When Dykes returned, he told the Journal-World that the university attorney, Charles Oldfather, had advised him the campus was a public place and access couldn't be refused.
At the same time Lawrence was abuzz with talk about Lovelace and X-rated movies, former pro football player Bill Glass, who had become a traveling evangelist, arrived in town for a weeklong crusade at Allen Fieldhouse.
Glass also wanted to speak in some of the city's school classrooms. That request was ultimately denied after some residents protested.
Who's the teacher?
Glass tried to stir the Lovelace controversy. He issued an invitation through the media for Lovelace to attend the crusade and "be helped."
Lovelace responded in an interview with the Journal-World.
"Maybe he should come here," she said. "I could teach him something."
Lovelace's parade was filmed on Jayhawk Boulevard. More than 200 students and others participated in the campus filming, which also included scenes at Potter Lake.

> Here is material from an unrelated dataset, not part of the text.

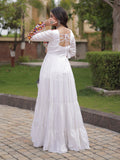 Grand White Mirror Work Rayon Navratri Special Gown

Also getting into the act were some players from KU's men's basketball team.
Former player Donnie Von Moore recalled that he and other players happened to be in sweatsuits running on campus when some players, he couldn't remember which ones, decided to join the Lovelace parade.
Von Moore, now a substitute kindergarten teacher in Chicago, said he just watched.
"I think everybody was amused by it," Von Moore said.
Lovelace, who died a year ago at age 53 after a car wreck, continued to be better known for "Deep Throat" than any of her other movies. She disappeared from the spotlight in the late 1970s. In the early 1980s she claimed to have become religious and wrote a book, "Ordeal," in which she criticized her past and those in the porn industry.
The movie made in Lawrence, in which Lovelace wins the presidency, was reportedly going to be made in R- and PG-rated versions for the United States with an X-rated version for the European market, filmmakers said at the time. No sex scenes were filmed at KU. The movie can still be purchased on videotape over the Internet.
When asked to recall the Lovelace filmmaking venture, Rose, Tate, Von Moore and Conard all chuckled.
Rose doesn't remember City Hall getting many calls one way or the other about filming downtown.
"I remember it being more of a humorous matter than anything else," Rose said.
Likewise, KU did not come under fire for allowing Lovelace to film scenes on campus, Conard said. Dykes told the Journal-World shortly after the filming that he had received several calls from those who objected to KU allowing the filming, but said he also would have received calls if he had stopped it.
"We caught more flak a few years earlier when (H.) Rap Brown spoke on campus," Conard said, referring to the fiery black activist.
KU received a payment of $3,272 from the filmmakers to cover building and grounds use and security.
The KU basketball players were never criticized for being in the movie nor were they admonished by coach Ted Owens, Von Moore said. He said times were different then.
"Man, people were streakin' back then," Von Moore said, recalling the fad that saw students on college campuses nationwide running naked in public.
Lovelace's visit wasn't as serious an issue as the controversy over Dailey and the issue of academic freedom, Rose said. Nor did it attract much national attention, he said.
"There was no Bill O'Reilly," Rose said, referring to the Fox news network's commentator who several times recently has criticized Dailey and KU.